PremiumListen to this article |
The month of June will be noteworthy for debit and credit card holders since the Reserve Bank of India (RBI) has legislated the introduction of tokenisation of card transactions, with a deadline of June 30, 2022. Tokenization relates to the substitute of existing card details with a unique code known as a token, and implementation for a tokenisation request is done via Additional Factor of Authentication (AFA) by the cardholder. This move by RBI is going to secure the credentials of your credit card, if you opt for the tokenization system till the end of June and fail to do the needful will cause you to enter your card details manually every time you make digital transactions from July.
Transactions made through tokenized cards will be a safety measure to counter fraud because the actual card details will be replaced with a token while sharing card details with the merchant during a transaction. This token will be unique for every card and also for the token requestor, and merchant when doing digital transactions beginning in July. What ICICI Bank says about card tokenization system is “Tokenisation refers to replacement of actual or clear card number with an alternate code called the “Token." This shall be unique for a combination of card, token requestor (i.e. the entity which accepts request from the customer for tokenisation of a card and passes it on to the card network to issue a corresponding token) and the merchant (token requestor and merchant may or may not be the same entity)."
Prior to the card tokenization system, cardholders followed a trend in which they saved their card details on the internet on the merchant's website. The approach saves time for cardholders because they will not have to manually enter card details in future transactions.
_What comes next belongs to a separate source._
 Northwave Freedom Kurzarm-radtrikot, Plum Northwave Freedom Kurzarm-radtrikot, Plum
This has led to numerous fraudsters stealing card credentials and eventually becoming the cardholder a victim by losing money from the account. To combat fraudsters and escalating card scams, the RBI implemented Tokenisation – Card Transactions, in which confidential card details are not shared with anybody and are no longer kept saved over the internet.
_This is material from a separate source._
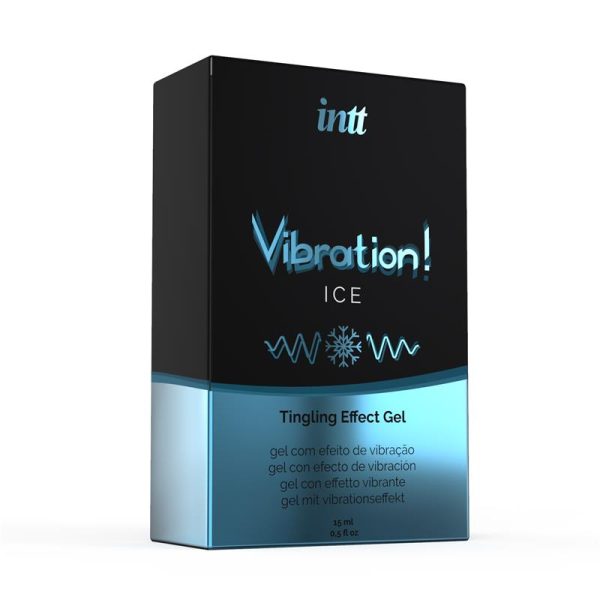 Vibrador Liquido Efecto Frio Vibration Ice 15 ml - imagen 3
Regarding the safety and security of card tokenization system, ICICI Bank says “Actual card data, token and other relevant details are stored in a secure mode by the authorised card networks. Token requestor cannot store Primary Account Number (PAN), i.e., card number, or any other card detail. Card networks are also mandated to get the token requestor certified for safety and security that conform to international best practices / globally accepted standards."
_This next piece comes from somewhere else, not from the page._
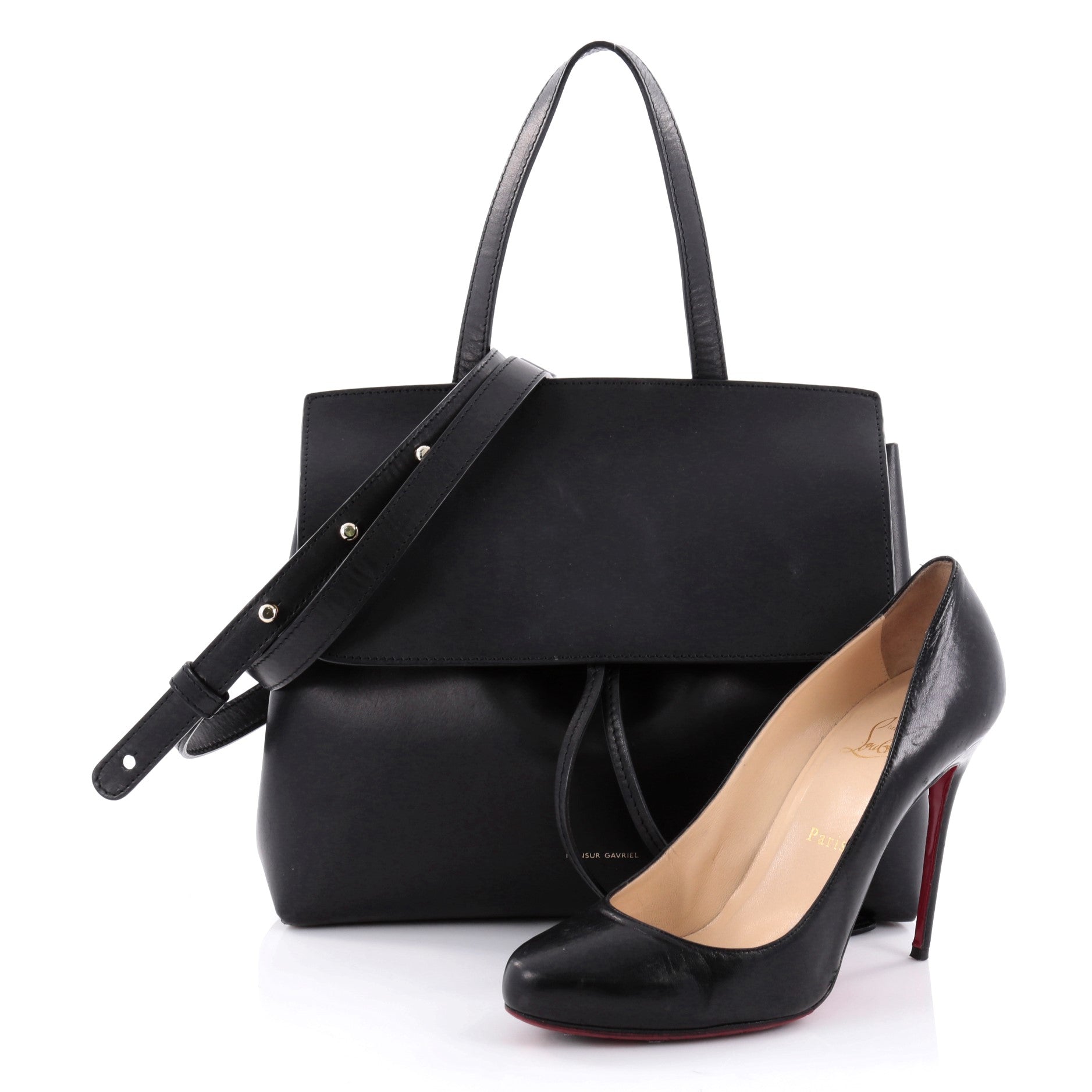 Lady Bag Leather Mini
To continue with, card tokenization is not necessary; a customer can either choose to have his or her card tokenized, and if not, then he or she must enter the entire card details every time to complete online transactions until the end of June, which means that he or she can save the card details further to complete the transactions. A token will be unique to a single card at a specific merchant, increasing card safety without a doubt, and card tokenization should be applied by every cardholder considering the risk involved to get stolen. Card tokenization is free of charge, and a cardholder may use any of his or her cards authorized by the token requestor to complete any transaction.
Once the card has been tokenized on the merchant portal, the customer can only view the last four digits of the card, and if the card is replaced, renewed, reissued, or upgraded, the cardholder will be required to create a token again in order to visit the merchant website. For cardholders using multiple cards, ICICI Bank has clarified that the“Bank will provide a portal to the card holders to view and manage the tokenised cards. Card holders can view / delete tokens for the respective cards through this portal. Customers can also call the Phone Banking service to place a request to manage tokenized cards." In terms of card safety and tokenized card handling, opting for the move before the deadline will not trouble you to use your card safely each and every time you use it for an online transaction and will also prevent your card details from being used by a wrong hand.
Tokenisation may only be conducted by recognized card networks such as Visa/Mastercard/American Express/Rupay, as well as the issuing banks. The cardholder can get the card tokenised by commencing a solicitation on the merchant's portal, which accepts customer requests for card tokenisation and forwards the request effectively to the issuing bank or to the card network. Your token will be issued promptly with the approval of your card issuing bank, conforming to the card, the token requestor, and the merchant after which you can successfully perform domestic credit card or debit card transactions with the help of your tokenized card. For the registration for a tokenization request, ICICI Bank says “The registration for a tokenisation request is done only with explicit customer consent through Additional Factor of Authentication (AFA), and not by way of a forced / default / automatic selection of check box, radio button, etc."